Ao pôr-se a corrigir a subparticipação histórica de militares, governo incorre em risco
Profissionais egressos das Forças Armadas têm tido preferência no preenchimento de postos de primeiro e segundo escalão do governo Jair Bolsonaro (PSL). Esse padrão, também caudatário do déficit de quadros qualificados no movimento que venceu a eleição em outubro, deve ser visto com reservas.
Os militares brasileiros, em especial os oficiais que alcançaram o topo da carreira após longa e variada trajetória de serviços públicos, qualificam-se para atuar em alguns setores da administração civil.
Conheceram bem o território nacional e seus entraves logísticos, acumularam experiência na segurança urbana e desenvolveram habilidades para lidar institucionalmente com outros Poderes e corpos burocráticos. Com essas credenciais, é de lamentar que tenham atuado pouco nos ramos civis afins em gestões anteriores.
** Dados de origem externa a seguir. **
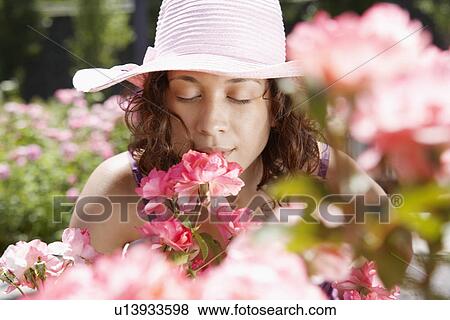 Young woman smelling flowers View Large Photo Image Stock Photo - Young woman smelling flowers. Fotosearch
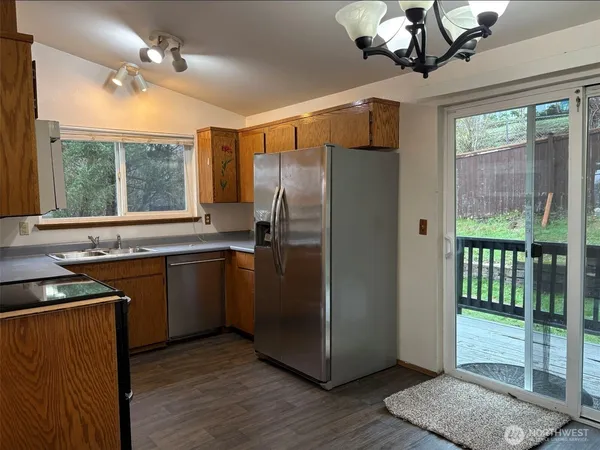 a kitchen with stainless steel appliances granite countertop a refrigerator a sink and dishwasher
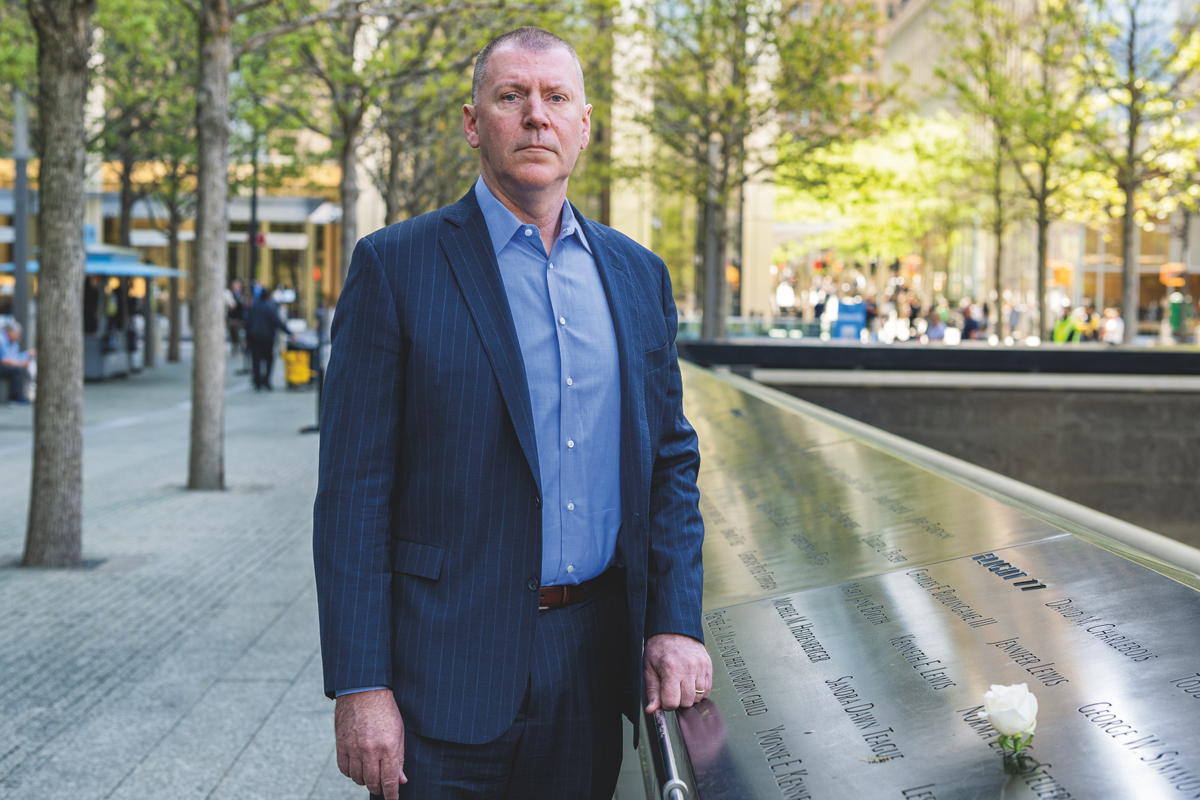 A man in a navy pinstripe suit and blue dress shirt stands solemnly beside the memorial panels at the 9/11 Memorial in New York City, with names of victims engraved in the reflective surface and a white flower placed among them. Trees and urban buildings are visible in the background.
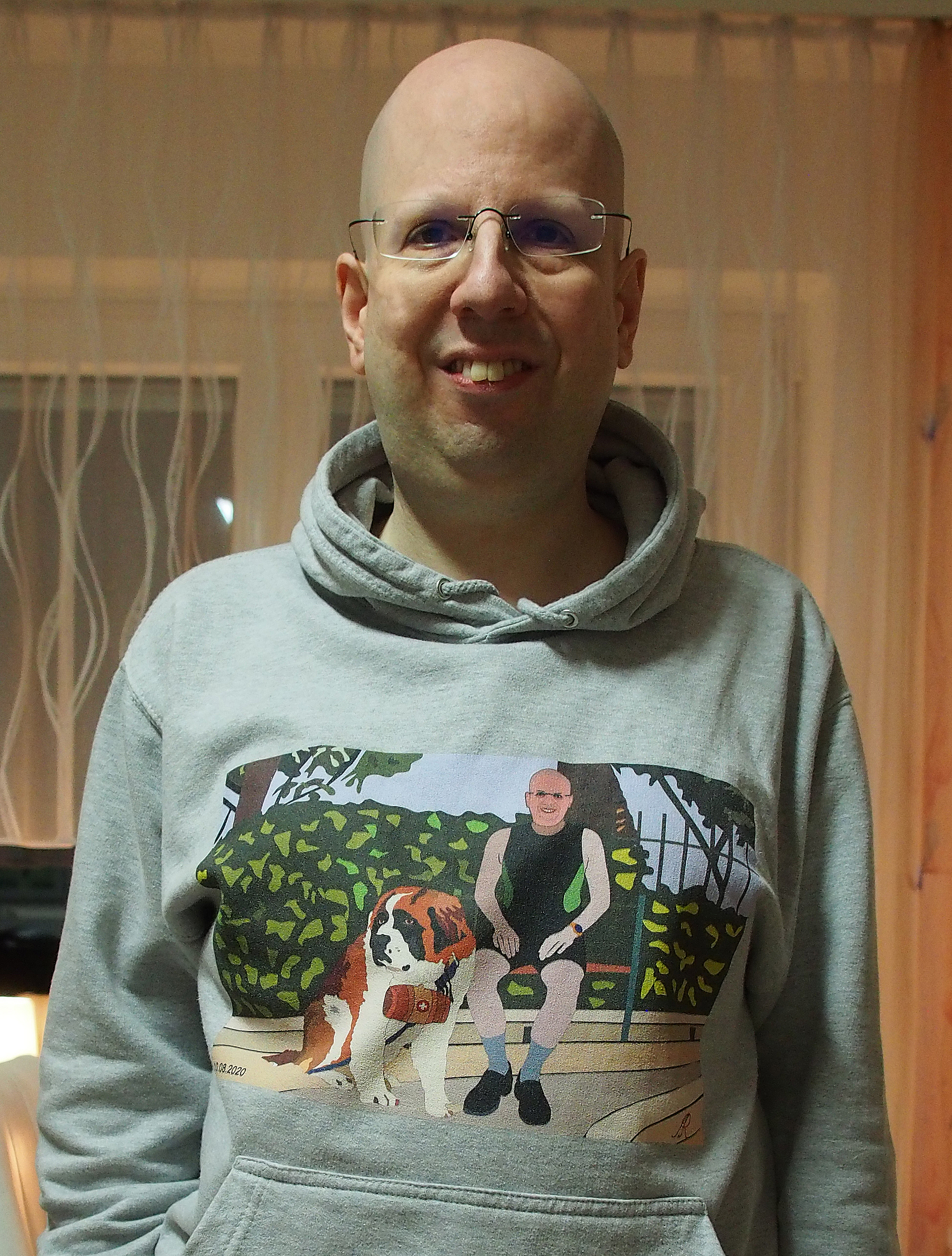 Alexander Reichert mit bedrucktem Kapuzenshirt aus eignener Illustration von Selbstporträt mit Bernhardiner Barry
Ao pôr-se a corrigir a subparticipação histórica de militares, o governo Bolsonaro incorre no risco oposto, o de exagerar na dosagem.
Contam-se 21 áreas da administração com indicados oriundos do Exército, da Marinha ou da Aeronáutica. Há militares em setores de pouca relação com a formação precípua dos profissionais da defesa nacional, como a educação, o Banco Central, a Petrobras, a Caixa Econômica Federal e Itaipu.
A concentração de nomeações numa corporação reduz a diversidade de conhecimentos e experiências necessária para tocar com eficiência a máquina federal. Não apenas os valores positivos, mas também as idiossincrasias da caserna influenciarão decisões civis.
Pelo seu peso desproporcional na gestão, os militares poderão angariar privilégios injustos na repartição dos custos sociais da reforma da Previdência, por exemplo.
Com o passar do tempo, a percepção de que os quartéis se tornaram catapultas para cargos de destaque no governo —alguns deles movimentando vários bilhões de reais por ano— tende a solapar a barreira, vital na democracia, entre a política partidária, de um lado, e as Forças Armadas, do outro.
Esse contágio daninho, temido pelos comandantes militares de hoje, será muito difícil de evitar caso se prolongue participação tão extensa e profunda na gestão.
Embora o Executivo federal no Brasil agregue muitas atribuições cujo exercício deveria ser reservado ao melhor saber técnico, os postos de comando nos ministérios e no Palácio do Planalto têm altíssimo teor político. Arbitram demandas legítimas da sociedade que não podem ser todas atendidas.
Um critério representativo, portanto, deveria ser levado em conta na confecção do governo, mas Bolsonaro menosprezou esse aspecto neste início de mandato. A baixa conexão com o Legislativo e a diversidade regional e burocrática é uma aposta arriscada.